Justin Appel

Dear Friends,

Today’s Gospel lesson is the story of Jesus healing the Gadarene Demoniacs, Matthew 8:28-34.

One way to understand this story is to talk about the significance of demonic possession. Fr. Thomas Hopko enumerates several kinds of such possession here.
The first is the more spectacular, dramatic possession of the demoniacs, who are so utterly controlled by demonic power, they are running around naked and ‘out of their minds’. Jesus reveals the nature of this insidious power when he casts the demons into the pigs, and they rush down the hill and perish in the sea.

Although we may not have experienced demonic power like this, there remain more subtle expressions of it, to which we are all prone.

A second type of demonic control was displayed by the townsfolk, who told Jesus to leave because he had healed the demoniacs.
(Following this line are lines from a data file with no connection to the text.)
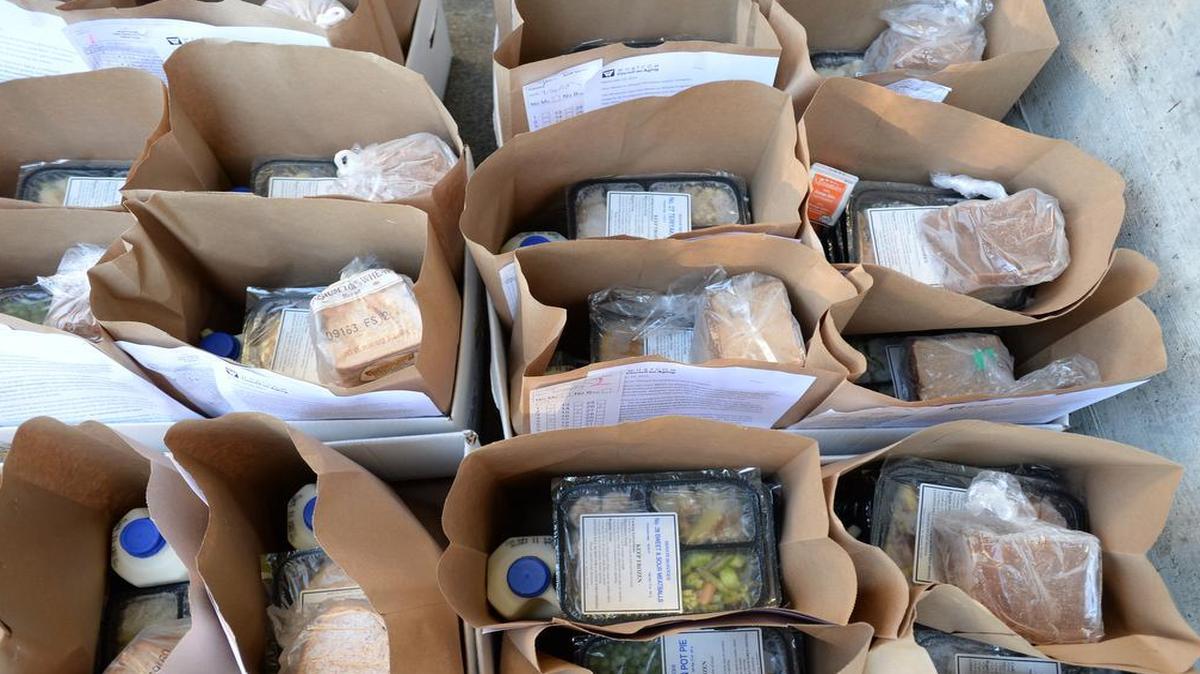
Bags with bread, milk, and frozen meals wait to be loaded at Bellingham Senior Activity Center to be delivered to the homes of seniors in Whatcom County.
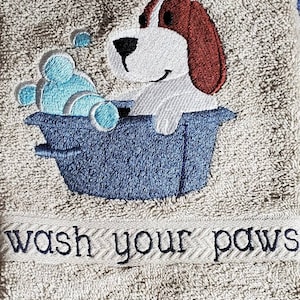 May include: A beige bath towel with an embroidered design of a cartoon dog in a blue tub with blue bubbles. The text "wash your paws" is embroidered below the dog.
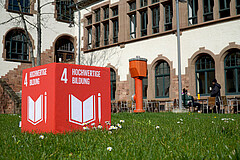 Eine Würfel auf dem das SDG4 Hochwertige Bildung abgebildet ist, steht im Innenhof des Altbaus.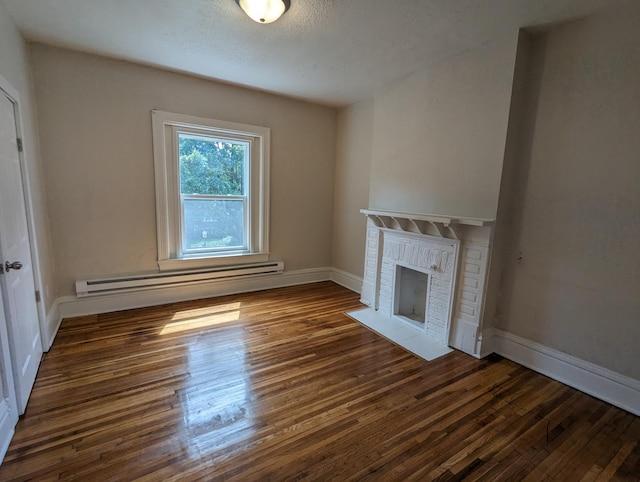 unfurnished living room with a baseboard heating unit, baseboards, hardwood / wood-style floors, and a fireplace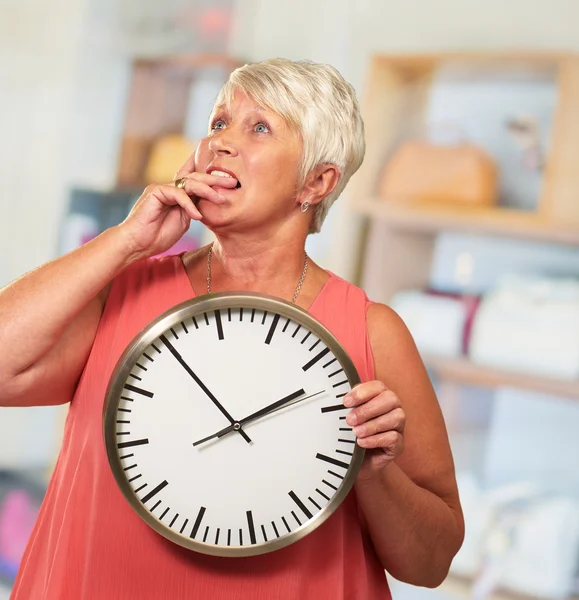 Femme âgée tenant une horloge et pensant — Photo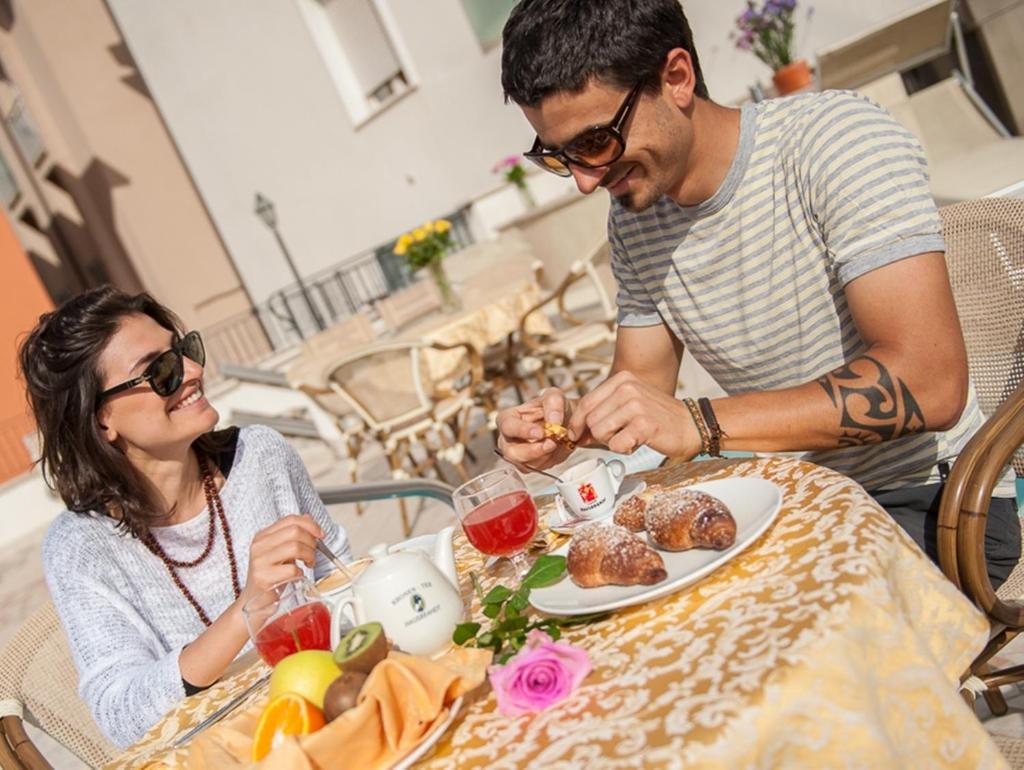 un homme et une femme assis à une table en train de manger dans l'établissement Hotel Cannes, à Bellaria-Igea Marina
This is a more subdued possession, in which we can cling to the status quo: to our possessions, to our education, to our aesthetic principles, to our jobs, to our investments, to our respectable lives, while at the same time, telling Jesus to leave.

But the third type of possession, not necessarily present here in the text, but attested to in the larger Christian tradition, is the most dangerous. It is the one in which we say they are with Jesus, when we say we belong to the Church, but in fact, we really don’t want God, and we don’t want to change our lives, or be agents of healing to the world. This is the very real temptation towards religiosity, but without the substance of faith and obedience.

This very brief genealogy of demonic possession is convicting to me because it suggests there is no objective 'middle ground' when it comes to my agency. I either act, through repentance and faith, in accord with the grace of God, or self-ishly, through demonic impulses.

This story prompts me to repent daily, to pray the Lord’s Prayer — ‘and lead us not into temptation, but deliver us from the evil one,’ — so that I may follow Christ whole-heartedly, love my neighbor, and become what God desires me to be.